## How to complete this task
Lines below that include "ホワイト" are the answer; copy each one.

(Caption-style text data)
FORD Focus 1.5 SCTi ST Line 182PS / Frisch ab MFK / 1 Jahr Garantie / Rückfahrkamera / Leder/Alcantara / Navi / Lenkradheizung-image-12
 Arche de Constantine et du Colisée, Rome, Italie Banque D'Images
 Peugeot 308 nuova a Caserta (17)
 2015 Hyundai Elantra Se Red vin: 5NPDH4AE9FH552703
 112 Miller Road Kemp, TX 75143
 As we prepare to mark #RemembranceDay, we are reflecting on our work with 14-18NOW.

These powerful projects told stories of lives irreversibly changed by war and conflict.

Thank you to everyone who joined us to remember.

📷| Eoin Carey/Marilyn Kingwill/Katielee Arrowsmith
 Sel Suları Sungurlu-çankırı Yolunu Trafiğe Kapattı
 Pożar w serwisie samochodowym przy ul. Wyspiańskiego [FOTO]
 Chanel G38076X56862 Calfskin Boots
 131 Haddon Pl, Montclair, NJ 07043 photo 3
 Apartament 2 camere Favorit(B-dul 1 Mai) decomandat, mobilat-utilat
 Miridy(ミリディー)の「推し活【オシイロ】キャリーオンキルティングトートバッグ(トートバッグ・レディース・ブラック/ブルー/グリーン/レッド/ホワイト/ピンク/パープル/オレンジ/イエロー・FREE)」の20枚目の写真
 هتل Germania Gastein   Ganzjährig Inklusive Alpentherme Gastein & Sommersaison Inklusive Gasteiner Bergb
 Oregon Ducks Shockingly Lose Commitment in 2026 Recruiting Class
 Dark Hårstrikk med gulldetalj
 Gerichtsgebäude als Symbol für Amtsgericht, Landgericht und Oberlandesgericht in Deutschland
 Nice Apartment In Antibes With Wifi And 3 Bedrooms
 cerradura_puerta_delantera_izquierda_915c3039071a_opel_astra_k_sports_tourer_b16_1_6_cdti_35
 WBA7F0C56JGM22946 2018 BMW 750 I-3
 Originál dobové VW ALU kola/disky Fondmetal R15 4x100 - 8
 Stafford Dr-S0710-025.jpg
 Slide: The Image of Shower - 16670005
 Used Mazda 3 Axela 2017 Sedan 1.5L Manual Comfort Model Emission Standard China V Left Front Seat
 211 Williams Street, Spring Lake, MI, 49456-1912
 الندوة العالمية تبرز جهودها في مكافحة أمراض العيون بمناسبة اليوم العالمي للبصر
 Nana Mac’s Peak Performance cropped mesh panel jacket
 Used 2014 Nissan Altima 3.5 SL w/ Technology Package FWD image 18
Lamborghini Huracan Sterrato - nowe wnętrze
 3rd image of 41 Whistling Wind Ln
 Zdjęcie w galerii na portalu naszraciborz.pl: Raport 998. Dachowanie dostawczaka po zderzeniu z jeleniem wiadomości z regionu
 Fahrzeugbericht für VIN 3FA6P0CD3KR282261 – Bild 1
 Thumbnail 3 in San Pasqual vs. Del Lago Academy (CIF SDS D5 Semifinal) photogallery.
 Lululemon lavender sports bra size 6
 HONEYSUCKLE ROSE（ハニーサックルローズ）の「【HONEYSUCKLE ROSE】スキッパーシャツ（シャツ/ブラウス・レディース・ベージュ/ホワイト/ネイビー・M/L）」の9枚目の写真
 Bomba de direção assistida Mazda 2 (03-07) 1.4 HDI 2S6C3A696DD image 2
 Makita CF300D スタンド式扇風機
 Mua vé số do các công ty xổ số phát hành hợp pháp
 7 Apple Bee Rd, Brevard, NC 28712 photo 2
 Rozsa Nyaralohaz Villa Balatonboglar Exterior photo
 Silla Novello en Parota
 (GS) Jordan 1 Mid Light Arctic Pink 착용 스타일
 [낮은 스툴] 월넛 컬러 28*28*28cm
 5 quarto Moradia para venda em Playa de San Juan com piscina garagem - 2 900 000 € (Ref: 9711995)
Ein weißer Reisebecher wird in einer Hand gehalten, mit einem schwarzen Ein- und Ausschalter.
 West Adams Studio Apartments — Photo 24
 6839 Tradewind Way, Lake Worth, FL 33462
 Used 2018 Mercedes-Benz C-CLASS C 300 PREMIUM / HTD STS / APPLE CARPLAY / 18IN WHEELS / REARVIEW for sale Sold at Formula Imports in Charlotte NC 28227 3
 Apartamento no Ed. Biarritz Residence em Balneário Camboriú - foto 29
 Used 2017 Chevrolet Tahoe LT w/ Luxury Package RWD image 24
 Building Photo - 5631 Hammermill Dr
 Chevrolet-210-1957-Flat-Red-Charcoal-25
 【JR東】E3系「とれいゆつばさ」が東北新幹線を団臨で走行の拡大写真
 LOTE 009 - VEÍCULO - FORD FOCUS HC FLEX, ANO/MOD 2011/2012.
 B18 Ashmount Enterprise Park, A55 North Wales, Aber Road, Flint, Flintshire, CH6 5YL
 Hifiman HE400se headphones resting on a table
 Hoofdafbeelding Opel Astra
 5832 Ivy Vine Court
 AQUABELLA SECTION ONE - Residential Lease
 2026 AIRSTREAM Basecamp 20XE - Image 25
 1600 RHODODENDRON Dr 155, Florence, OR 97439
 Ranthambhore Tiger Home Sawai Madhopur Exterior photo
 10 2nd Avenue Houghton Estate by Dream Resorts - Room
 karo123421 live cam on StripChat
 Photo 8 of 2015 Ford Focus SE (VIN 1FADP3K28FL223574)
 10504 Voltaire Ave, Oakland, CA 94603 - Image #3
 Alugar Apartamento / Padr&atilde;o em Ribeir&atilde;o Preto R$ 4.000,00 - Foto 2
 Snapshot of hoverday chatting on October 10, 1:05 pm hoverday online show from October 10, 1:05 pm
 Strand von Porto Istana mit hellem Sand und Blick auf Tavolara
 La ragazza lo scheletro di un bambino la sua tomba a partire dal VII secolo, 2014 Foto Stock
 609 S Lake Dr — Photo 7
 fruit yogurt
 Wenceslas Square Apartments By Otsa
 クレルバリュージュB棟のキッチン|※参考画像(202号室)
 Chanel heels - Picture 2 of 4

## Answer box
 Miridy(ミリディー)の「推し活【オシイロ】キャリーオンキルティングトートバッグ(トートバッグ・レディース・ブラック/ブルー/グリーン/レッド/ホワイト/ピンク/パープル/オレンジ/イエロー・FREE)」の20枚目の写真
 HONEYSUCKLE ROSE（ハニーサックルローズ）の「【HONEYSUCKLE ROSE】スキッパーシャツ（シャツ/ブラウス・レディース・ベージュ/ホワイト/ネイビー・M/L）」の9枚目の写真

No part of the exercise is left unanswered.